TASK ITEM ::
In the data below, find the line with "French Sweet Gingham" and the line with "20210728_231725 Sterling Silver", then restate both and every line between them exactly, minus the pictures.

DATA FOR PROCESSING ::
- - - -

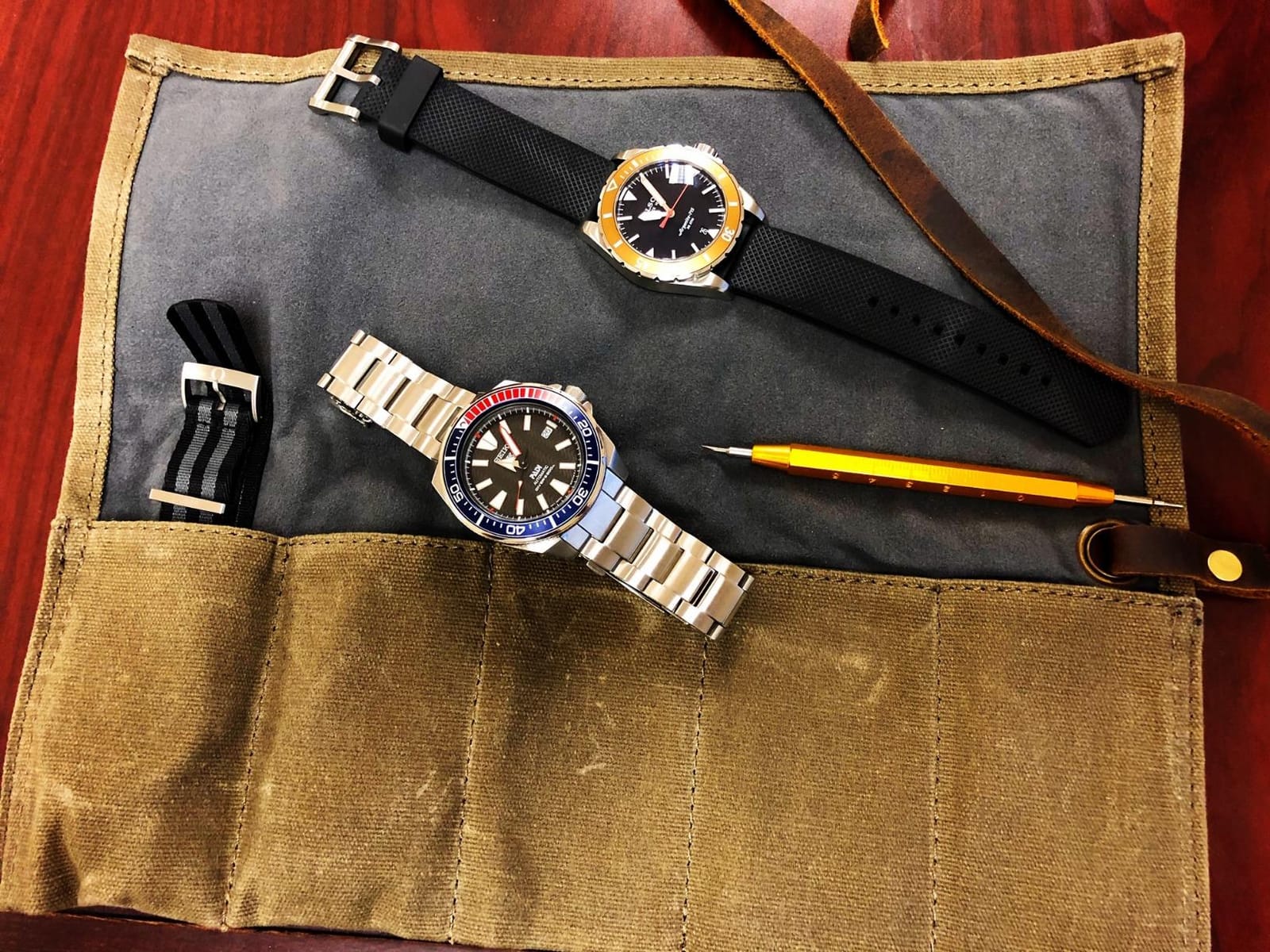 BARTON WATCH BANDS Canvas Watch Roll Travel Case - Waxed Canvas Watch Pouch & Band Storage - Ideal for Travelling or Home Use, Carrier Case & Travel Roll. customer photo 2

- - - -

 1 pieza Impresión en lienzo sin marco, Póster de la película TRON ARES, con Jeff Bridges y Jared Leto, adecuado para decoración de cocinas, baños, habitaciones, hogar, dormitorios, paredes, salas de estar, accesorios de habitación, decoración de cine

- - - -

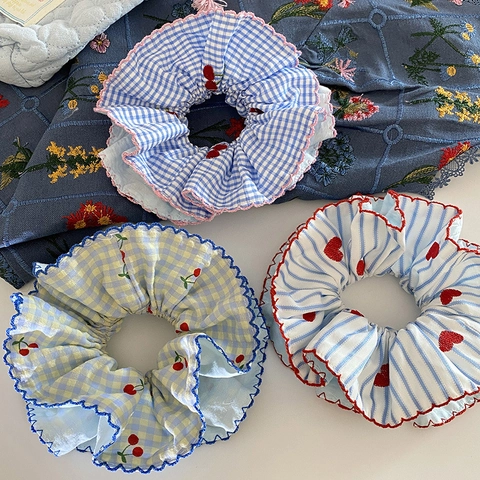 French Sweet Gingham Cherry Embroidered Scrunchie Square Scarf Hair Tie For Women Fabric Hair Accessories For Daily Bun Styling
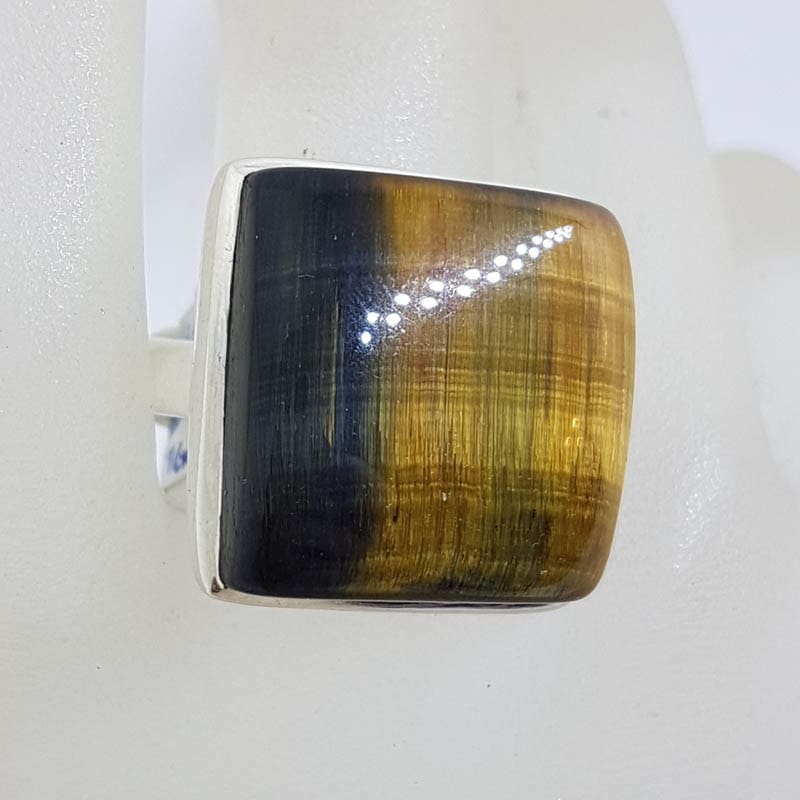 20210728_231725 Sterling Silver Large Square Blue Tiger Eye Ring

- - - -

ANSWER ::
 French Sweet Gingham Cherry Embroidered Scrunchie Square Scarf Hair Tie For Women Fabric Hair Accessories For Daily Bun Styling
 20210728_231725 Sterling Silver Large Square Blue Tiger Eye Ring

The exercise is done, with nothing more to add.